The Mars Room, Rachel Kushner

Romy Hall is at the start of two consecutive life sentences, plus six years, at Stanville Women’s Correctional Facility. Outside is the world from which she has been permanently severed: the San Francisco of her youth, changed almost beyond recognition. The Mars Room strip club where she once gave lap dances for a living. And her seven-year-old son, Jackson, now in the care of Romy’s estranged mother. Inside is a new reality to adapt to: thousands of women hustling for the bare essentials needed to survive. The deadpan absurdities of institutional living, daily acts of violence by guards and prisoners alike, allegiances formed over liquor brewed in socks and stories shared through sewage pipes. Romy sees the future stretch out ahead of her in a long, unwavering line — until news from outside brings a ferocious urgency to her existence, challenging her to escape her own destiny.

The Overstory, Richard Powers

Nine strangers, each in different ways, become summoned by trees, brought together in a last stand to save the continent’s few remaining acres of virgin forest. The Overstory unfolds in concentric rings of interlocking fable, ranging from antebellum New York to the late 20th-century Timber Wars of the Pacific Northwest and beyond, revealing a world alongside our own — vast, slow, resourceful, magnificently inventive and almost invisible to us. This is the story of a handful of people who learn how to see that world, and who are drawn up into its unfolding catastrophe.

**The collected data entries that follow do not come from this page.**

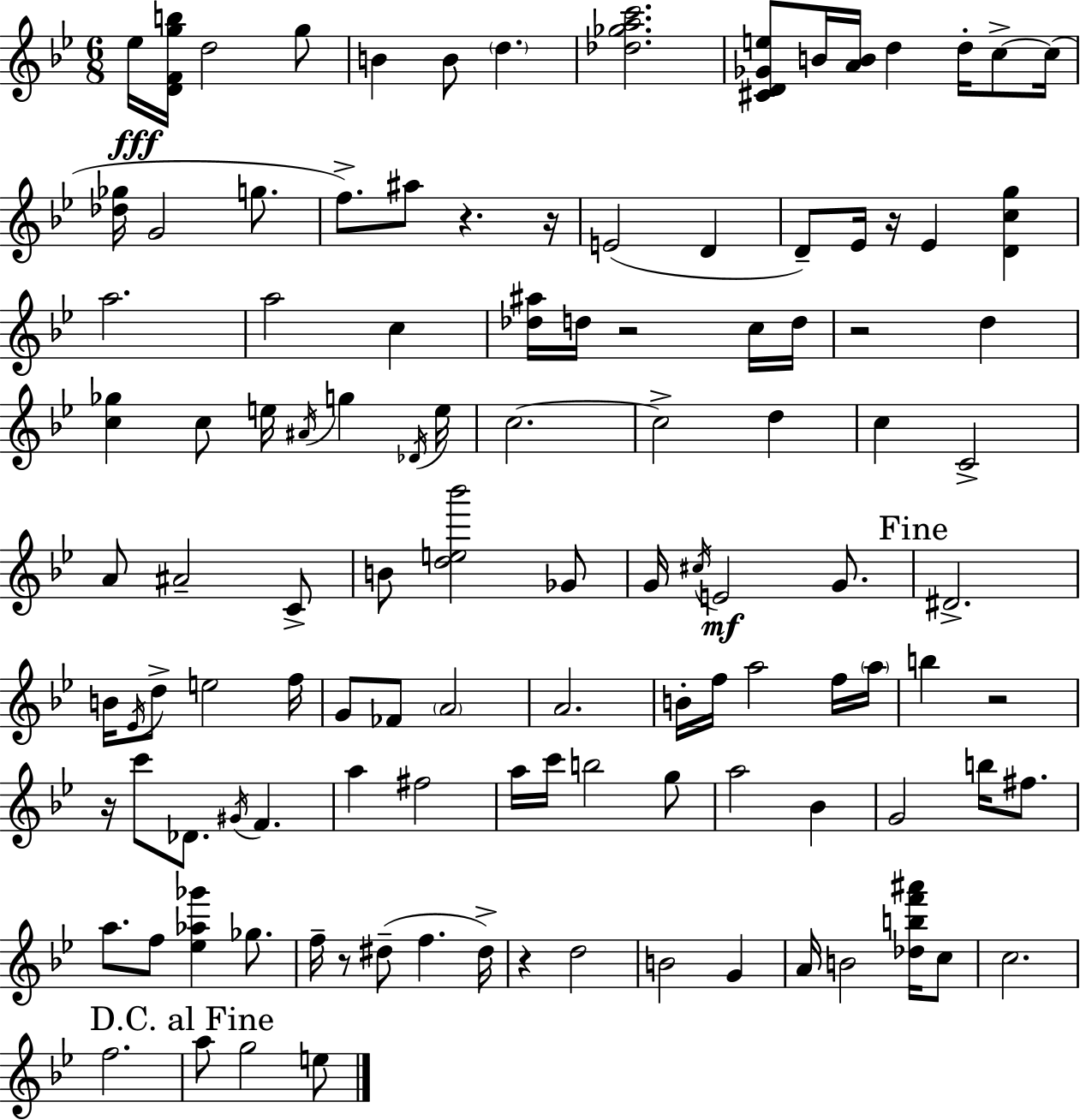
{
  \clef treble
  \numericTimeSignature
  \time 6/8
  \key g \minor
  ees''16\fff <d' f' g'' b''>16 d''2 g''8 | b'4 b'8 \parenthesize d''4. | <des'' ges'' a'' c'''>2. | <cis' d' ges' e''>8 b'16 <a' b'>16 d''4 d''16-. c''8->~~ c''16( | \break <des'' ges''>16 g'2 g''8. | f''8.->) ais''8 r4. r16 | e'2( d'4 | d'8--) ees'16 r16 ees'4 <d' c'' g''>4 | \break a''2. | a''2 c''4 | <des'' ais''>16 d''16 r2 c''16 d''16 | r2 d''4 | \break <c'' ges''>4 c''8 e''16 \acciaccatura { ais'16 } g''4 | \acciaccatura { des'16 } e''16 c''2.~~ | c''2-> d''4 | c''4 c'2-> | \break a'8 ais'2-- | c'8-> b'8 <d'' e'' bes'''>2 | ges'8 g'16 \acciaccatura { cis''16 }\mf e'2 | g'8. \mark "Fine" dis'2.-> | \break b'16 \acciaccatura { ees'16 } d''8-> e''2 | f''16 g'8 fes'8 \parenthesize a'2 | a'2. | b'16-. f''16 a''2 | \break f''16 \parenthesize a''16 b''4 r2 | r16 c'''8 des'8. \acciaccatura { gis'16 } f'4. | a''4 fis''2 | a''16 c'''16 b''2 | \break g''8 a''2 | bes'4 g'2 | b''16 fis''8. a''8. f''8 <ees'' aes'' ges'''>4 | ges''8. f''16-- r8 dis''8--( f''4. | \break dis''16->) r4 d''2 | b'2 | g'4 a'16 b'2 | <des'' b'' f''' ais'''>16 c''8 c''2. | \break f''2. | \mark "D.C. al Fine" a''8 g''2 | e''8 \bar "|."
}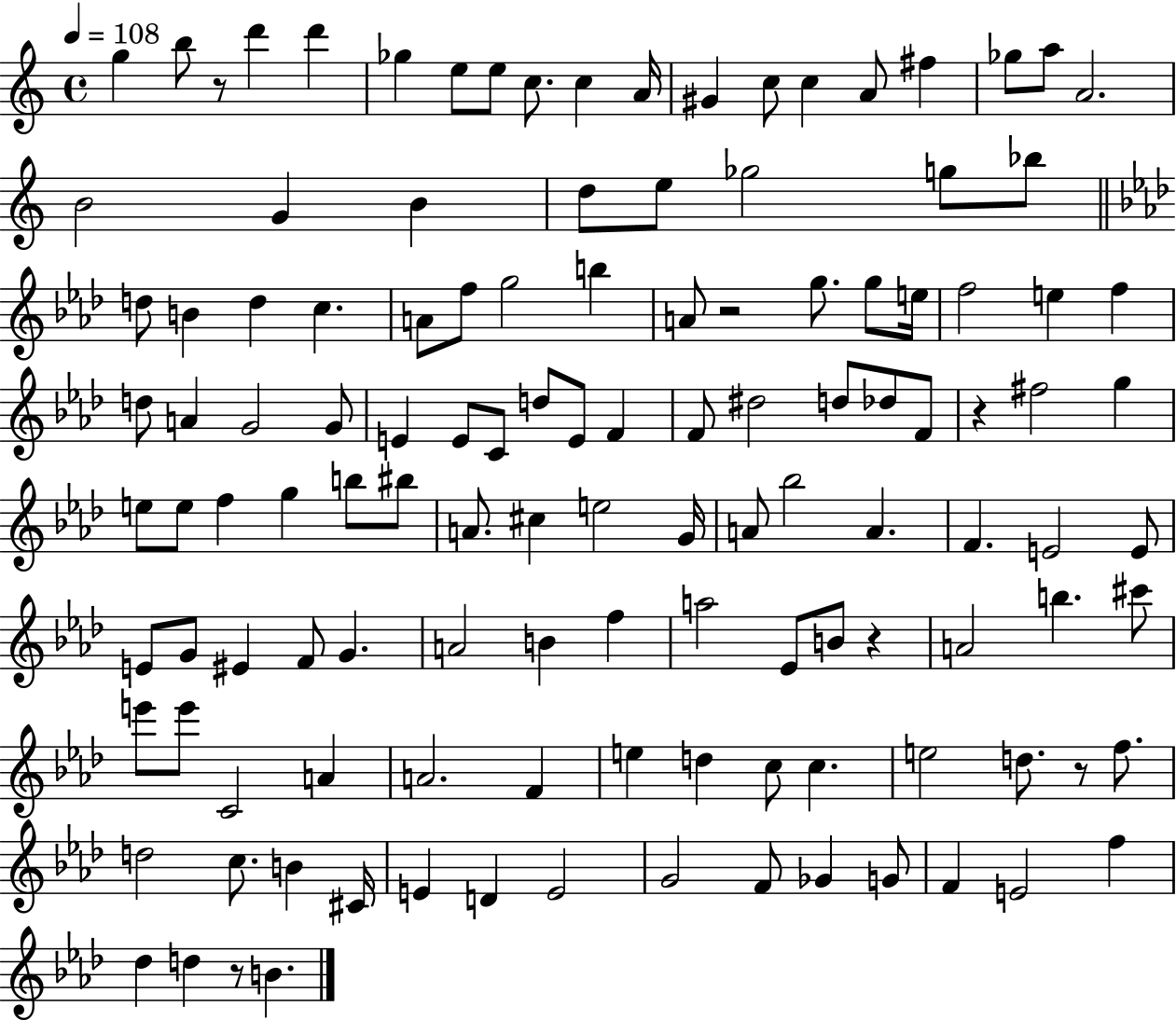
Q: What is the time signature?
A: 4/4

The Long Take, Robin Robertson

Walker is a D-Day veteran with post-traumatic stress disorder; he can’t return home to rural Nova Scotia and looks instead to the city for freedom, anonymity and repair. As he moves from New York to Los Angeles and San Francisco we witness a crucial period of fracture in American history, one that also allowed film noir to flourish. The Dream had gone sour but — as those dark, classic movies made clear — the country needed outsiders to study and dramatise its new anxieties. While Walker tries to piece his life together, America is beginning to come apart: deeply paranoid, doubting its own certainties, driven by social and racial division, spiralling corruption and the collapse of the inner cities. The Long Take is about a good man brutalised by war, haunted by violence and apparently doomed to return to it — yet resolved to find kindness again, in the world and in himself.